It still frustrates me when my friends’ kids get discouraged by science. In the US, if students don’t perform well in math, they say that math just isn't their thing. And many adults with similar math anxiety allow them to get away with that excuse. On the contrary, in countries that outperform the US on math exams, when students don't do well, they say that they didn't try hard enough.
My experience is that if you put the time in, you get the result. But if you get discouraged and decide that it’s not for you, and then it’s reinforced by other people who don’t expect you to do well, then you don’t do well.
You’ve mentioned the impact your interactions with some other Black physicists, like Herb Winful and Lewis Johnson, have had on you. Could you talk about the importance of those relationships and the Black physicist community?

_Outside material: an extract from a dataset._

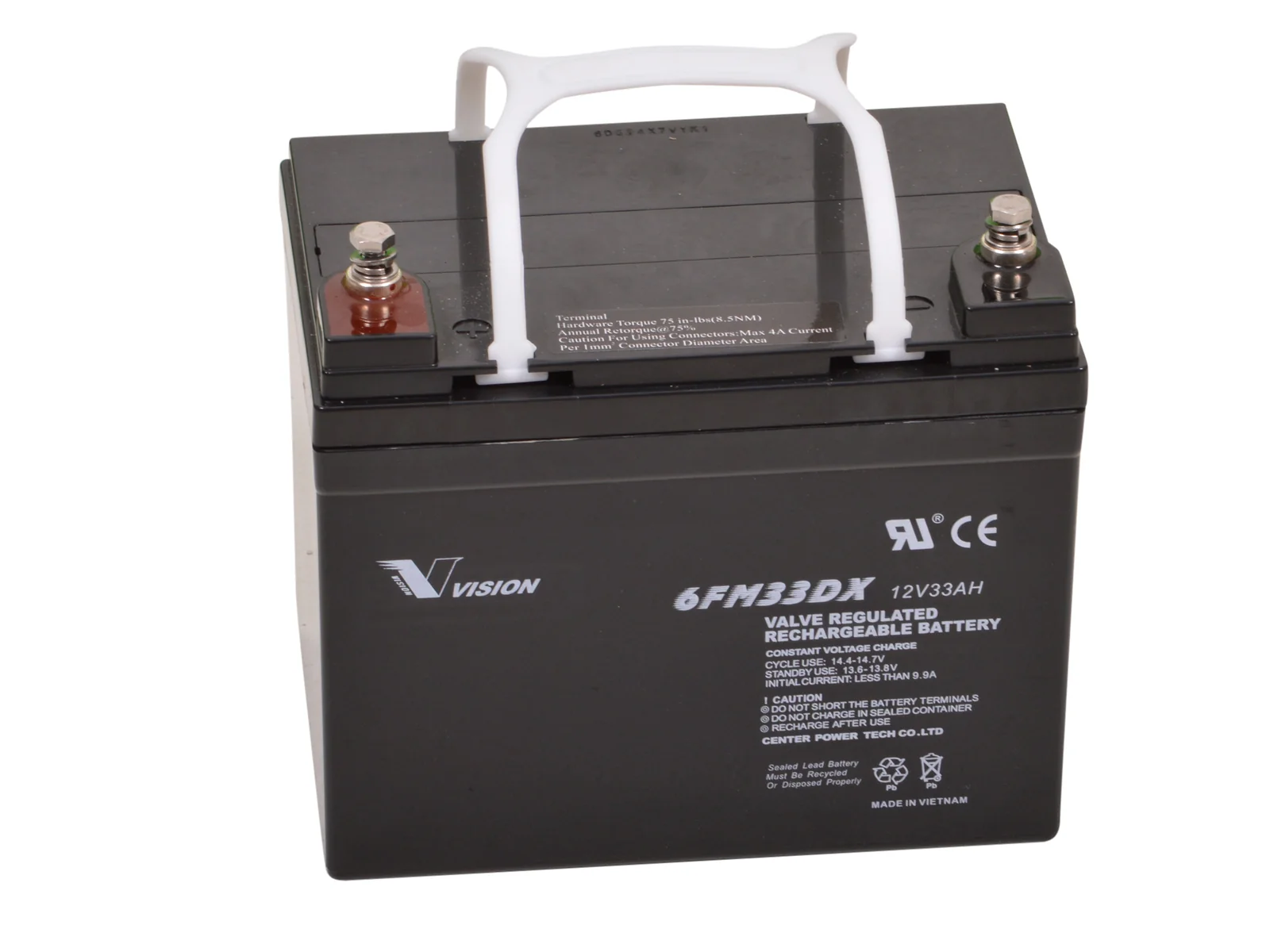 Batteri AGM 33Amp - 12V. Trolley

One of the biggest influences for me has been being part of the National Society of Black Physicists, and I’m happy to be a board member now.

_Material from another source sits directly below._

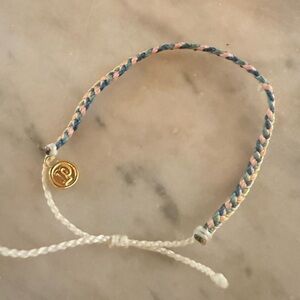 Pura Vida Multicolor Braided Bracelet with Gold Charm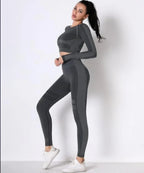 Seamless Long Sleeve Solid Yoga Set | Mixtshop LLC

These relationships are critically important. Lewis was a year or two behind me in undergraduate, and he was one of the first people that culturally reinforced my love of science. We both liked the same kind of music, and we both understood how to do triple integrals, so we have kind of a mutual mentoring relationship.
“One of the biggest influences for me has been being part of the National Society of Black Physicists, and I’m happy to be a board member now.”

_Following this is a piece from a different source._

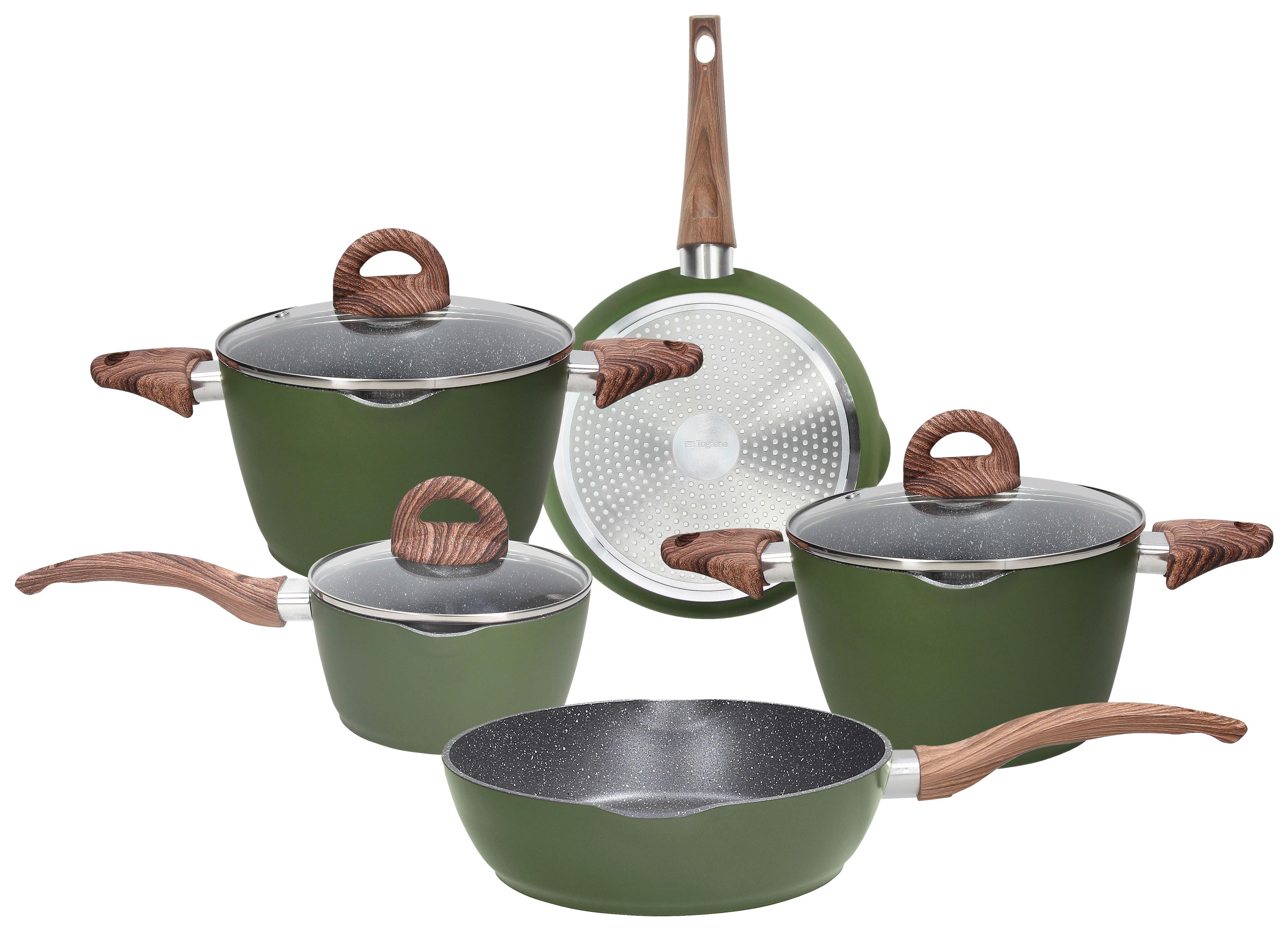 Kochtopfset Jungle in Grün, 8-teilig - Klar/Grün, KONVENTIONELL, Glas/Metall (56/39/24cm) - Tognana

And Herb is just a wonderful teacher. As a matter of fact, one of my biggest disappointments in life is that I can’t explain things as clearly as he does. Now that I’m 10 or 15 years older than he was when I met him, I’ve realized, I’m not going to get there.
As another example, when I first left undergrad, I thought I wanted to do an M.D./Ph.D. program. So I went to the University of Pennsylvania, but I started to gravitate away from the life sciences back toward physics, and I was very lucky to meet Larry Gladney, a Black particle physicist. He did a summer program, and through that program, I was able to teach physics to some of the incoming freshmen.
And one of the brightest freshmen was a young man named Kimani Toussaint. And I reconnected with him recently, and I was like, “wait a minute, you were that kid I taught at Penn!” And he’s just doing outstanding work, now at Brown University. I hadn’t seen him since he was an incoming freshman; now he’s got gray hair and I’ve got no hair. It’s just amazing how these cycles work.
Having people like the examples I shared is just so important. Your conversation can go from Schrödinger’s equation to the Middle Passage.
Update, 10 April 2023, 13:24 EDT: This story has been updated to reflect that Walton's children were born in Washington, DC, before his move to Corning.